The researchers at Ben-Gurion University of the Negev (BGU) in Israel showed that by using digital “foot-in-the-door” techniques, such as requesting personal information from less important to more private (ascending privacy-intrusion order), websites can successfully entice users to reveal more of their private information.
Similarly, by placing each request on consecutive, separate webpages, users are more likely to reveal more private data.
Websites can further manipulate their users by spreading out information requests over the course of several pages, rather than consolidating all requests on one page.
For the study, the researchers collaborated with Rewire, a Tel Aviv neobank (a virtual or online bank) providing international money transfer services.

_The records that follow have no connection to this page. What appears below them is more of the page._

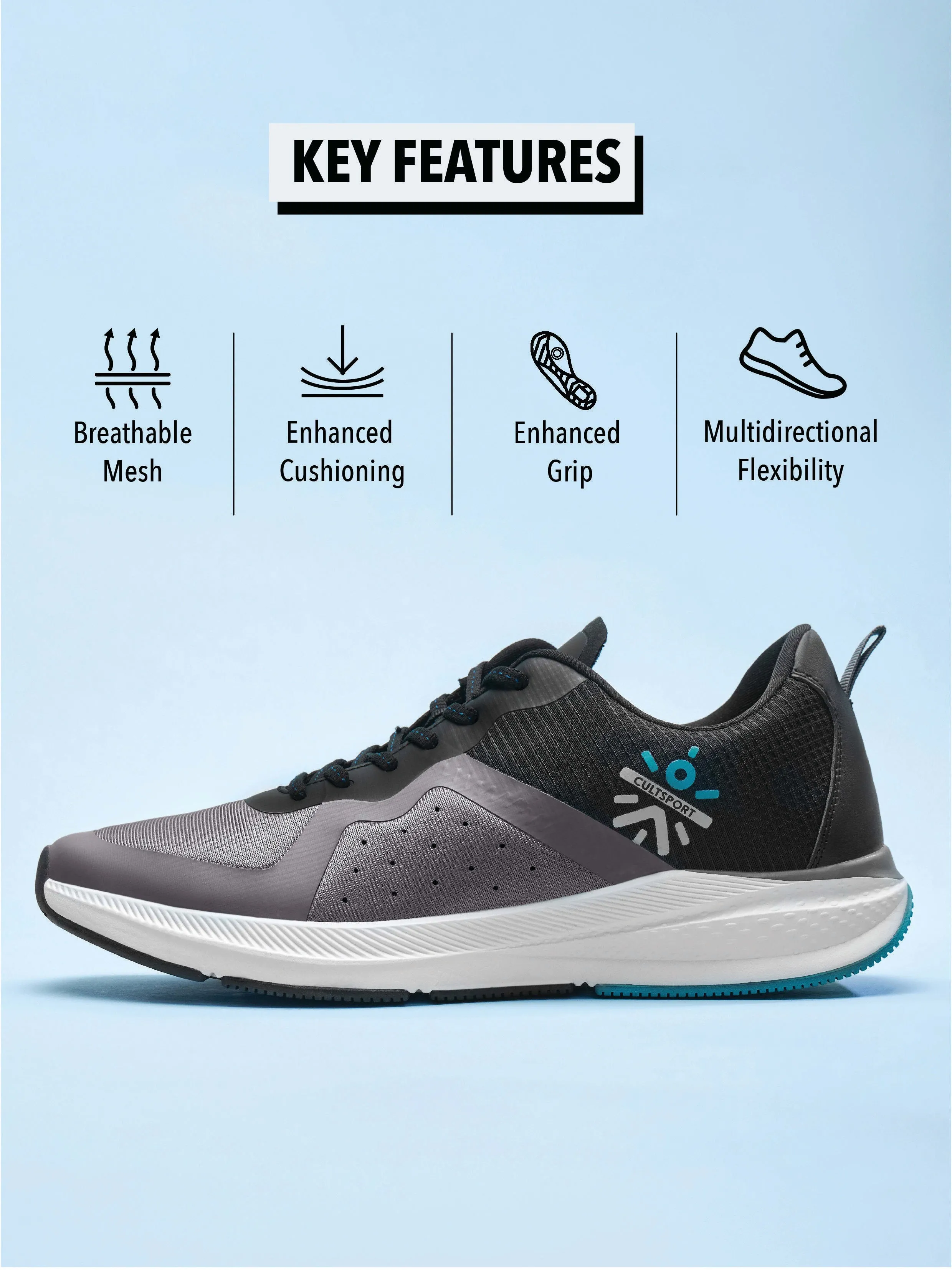 Speedster Men Running Shoes - Grey Best Running Shoe For Person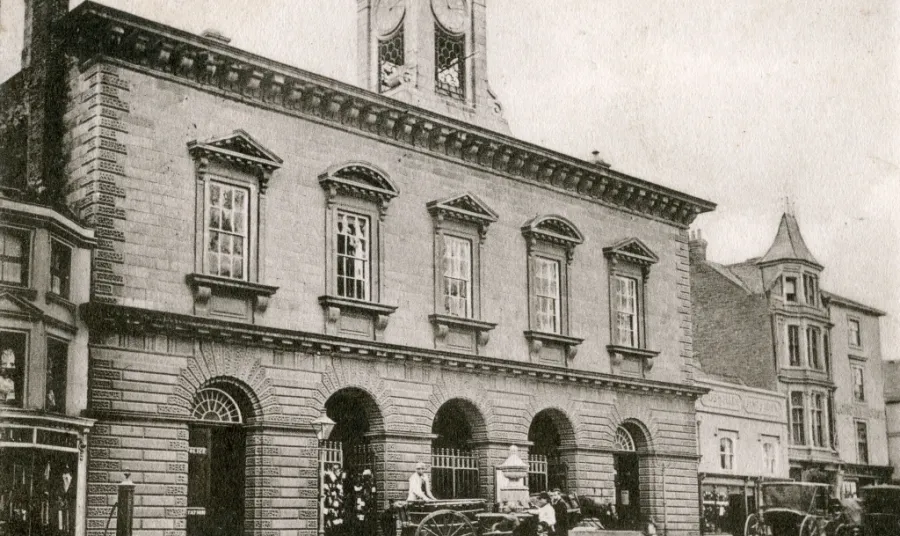 An historic postcard of Truro City Hall on Boscawen Street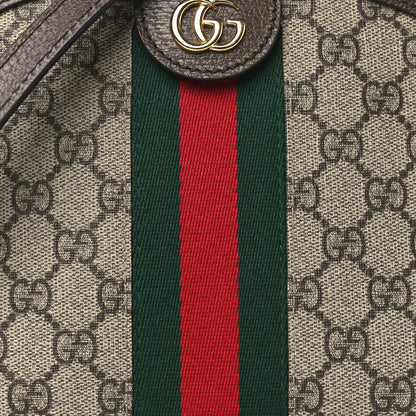 Gucci GG Supreme Monogram Textured Dollar Calfskin Web Small Ophidia Dome Shoulder Bag Beige Ebony New Acero 8 of 10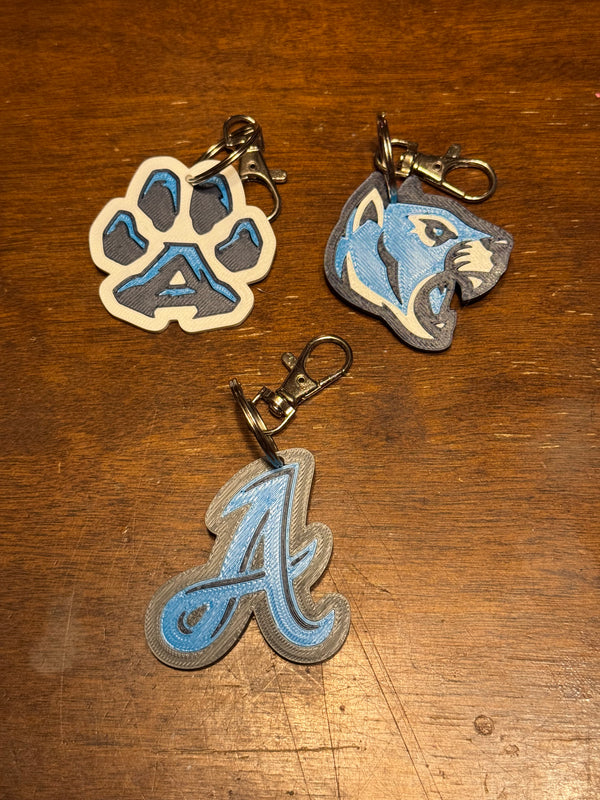 Alleghany Cougar keychains--3D printed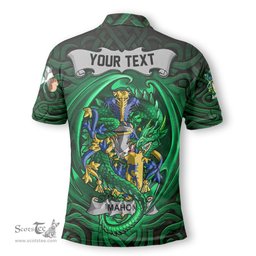 ScotsTee Shop Irish Mahon or O Mahon Coat of Arms Irish Polo Shirt Family Crest Green Dragon Of Ireland Polo Shirt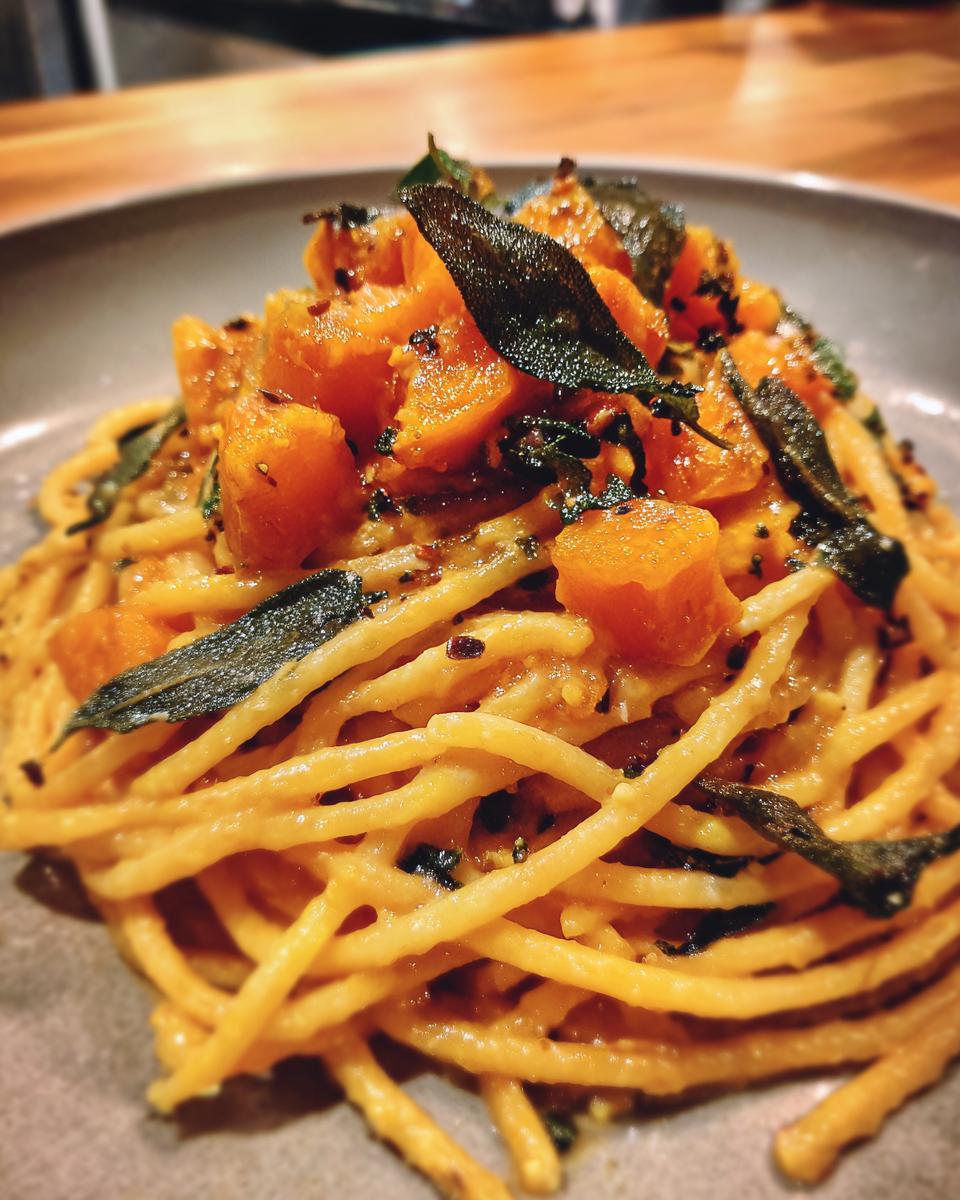A close-up of spaghetti tossed with creamy butternut squash sauce, topped with diced squash and crispy sage leaves.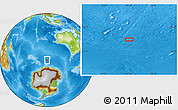 Physical Location Map of the area around 57° 54' 14" S, 101° 13' 29" E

They examined the activities of around 2,500 users who were asked to provide their country, full name, phone number, and email address as part of the sign-up process.
“We found that both manipulations independently increased the likelihood of sign-up and conversion,” said Professor Lior Fink, head of the BGU Behavioral Information Technologies (BIT) Lab.
“The ascending privacy intrusion manipulation increased sign-up by 35 per cent and the multiple-page manipulation increased sign-up by 55 per cent.”
The research was presented at the 41st International Conference on Information Systems (ICIS 2020), held virtually this year from December 12-16.